Re: strange behavior of grep with global match
by jethro (Monsignor) on Aug 07, 2009 at 09:43 UTC

    Quote perlop:

    In scalar context, each execution of "m//g" finds the next match, returning true if it matches, and false if there is no further match. The position after the last match can be read or set using the pos() function; see "pos" in perlfunc. A failed match normally resets the search position to the beginning of the string, but you can avoid that by adding the "/c" modifier (e.g. "m//gc"). Modifying the target string also resets the search position.

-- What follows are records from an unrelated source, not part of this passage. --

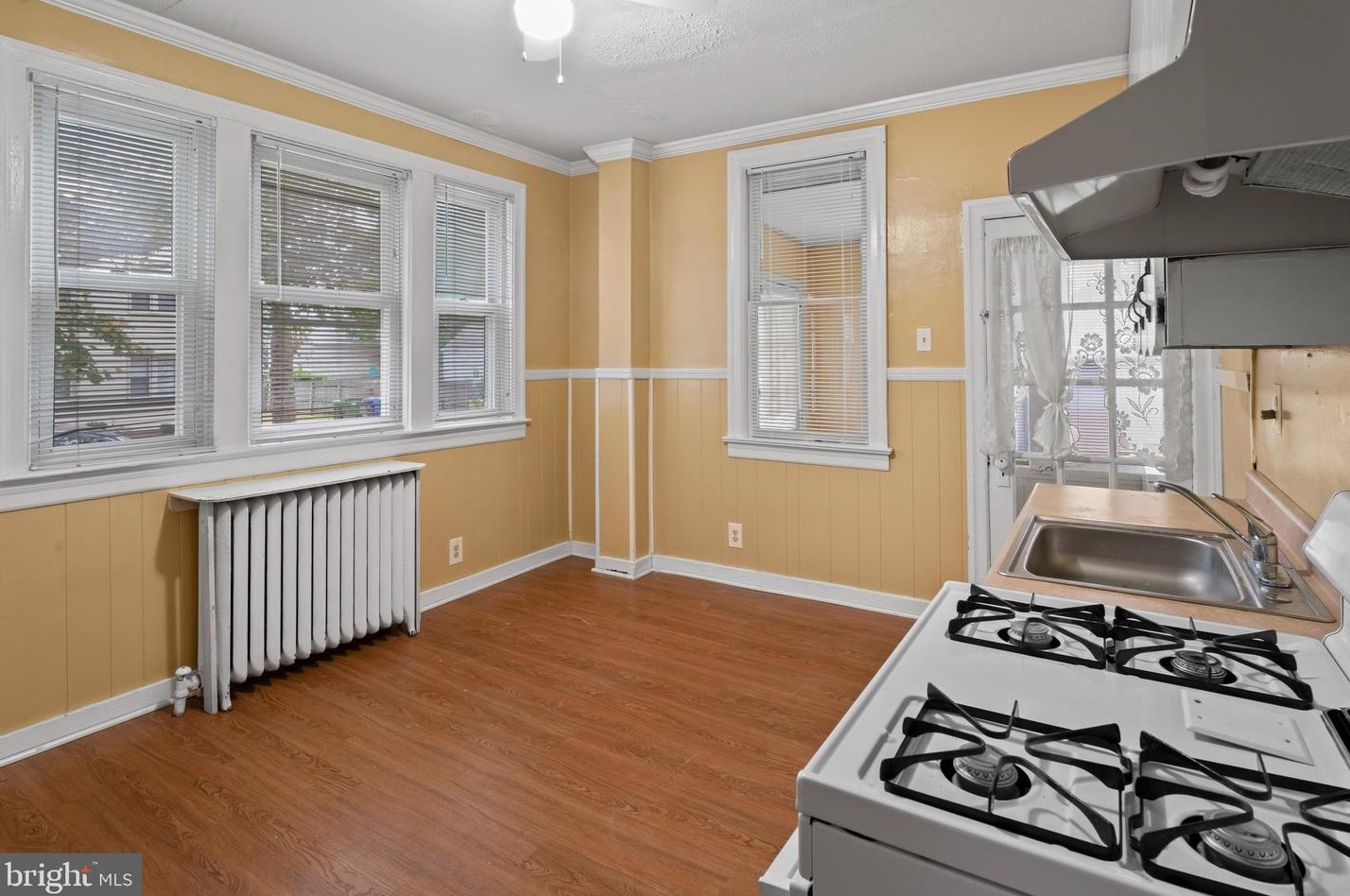 739 Cinnaminson Ave, Palmyra NJ 08065-1820 exterior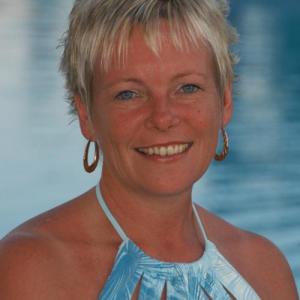 Caroline76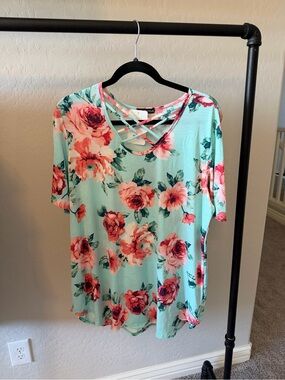 Crisscross Scoop Neck Floral Short Sleeve Tee - Mint with Pink Roses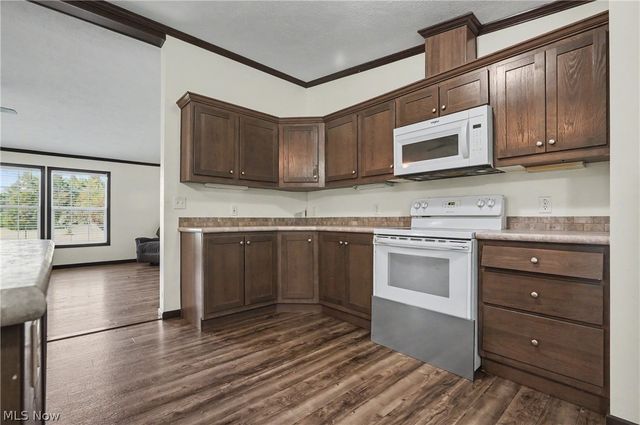 3424 Painesville Warren Road, Southington, OH 44470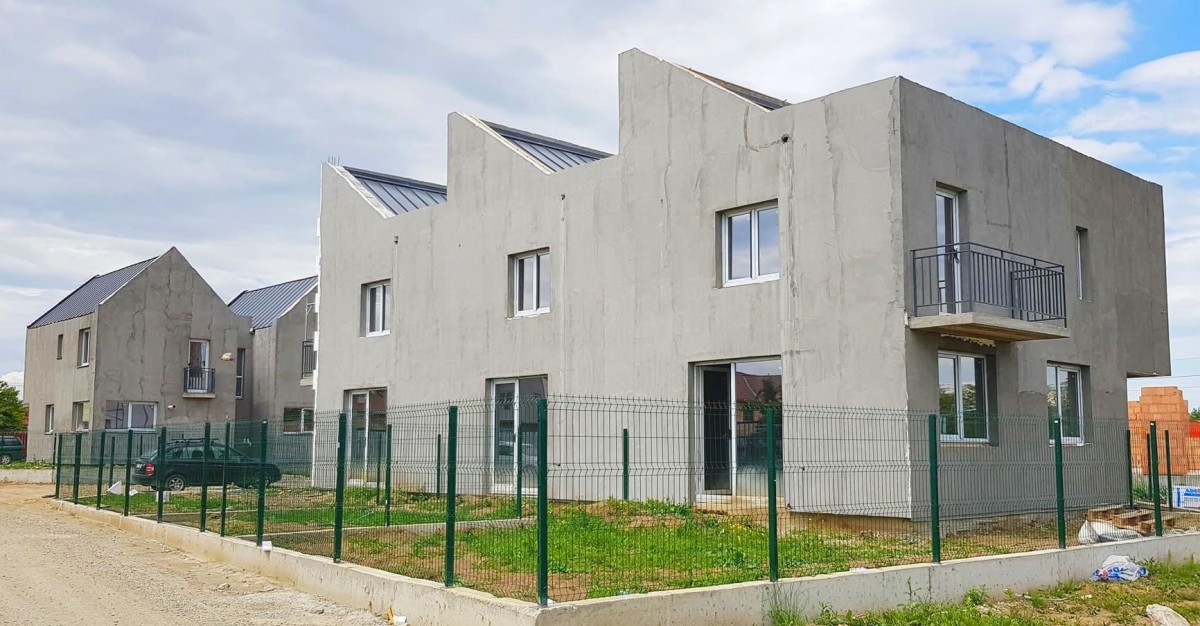 FOTO – Primele case din 3plex Residence, aproape finalizate. Prețuri accesibile (P)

    So your regex was doing a search in each string and remembering always were it left off. With the first call it found 'exception:' in the string, with the second it reached the end of the string because there is no second "expection:" in any of the strings. Try this:

    my @strings = qw(exception:texexception: exception:mex ... *** produces: $VAR1 = [ 'exception:texexception:', 'exception:mex', 'exception:mex', 'exception:mex', 'exception:mex' ]; $VAR1 = [ 'exception:texexception:' ]; $VAR1 = [ 'exception:mex', 'exception:mex', 'exception:mex', 'exception:mex' ]; $VAR1 = [ 'exception:texexception:' ];

    You see that the second "expection:" is found in the odd calls

    To inspect behaviour, you could call perl with the parameter -Dr which provides extensive regex debugging

      Thanks for the pointer to -Dr. I guess this is different from use re 'debug' as the latter works but I will have to recompile perl with -DDEBUGGING to try -Dr.

      Pointers to any documentation that will help me understand the (I assume) non-trivial output that will be produced would be greatly appreciated. I know of perlreguts, though I'm not very familiar with it and will have to look again.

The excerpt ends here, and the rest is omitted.